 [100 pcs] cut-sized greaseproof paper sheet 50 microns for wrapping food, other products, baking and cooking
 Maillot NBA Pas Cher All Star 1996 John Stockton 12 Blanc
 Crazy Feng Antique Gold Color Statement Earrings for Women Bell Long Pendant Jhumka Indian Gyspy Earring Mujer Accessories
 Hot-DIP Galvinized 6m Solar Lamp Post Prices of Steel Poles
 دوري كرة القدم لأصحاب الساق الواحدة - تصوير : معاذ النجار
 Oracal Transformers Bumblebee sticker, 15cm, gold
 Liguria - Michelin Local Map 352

________________________________________

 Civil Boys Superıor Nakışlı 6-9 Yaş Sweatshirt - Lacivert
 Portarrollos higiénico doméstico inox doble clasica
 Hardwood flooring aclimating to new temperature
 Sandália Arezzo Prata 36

________________________________________

**Exercise instructions**
Within the listing above, give again exactly every line from the line with "Oracal Transformers Bumblebee" through the line with "Liguria - Michelin Local Map 352", both included, and no other line.

**Task output**
 Oracal Transformers Bumblebee sticker, 15cm, gold
 Liguria - Michelin Local Map 352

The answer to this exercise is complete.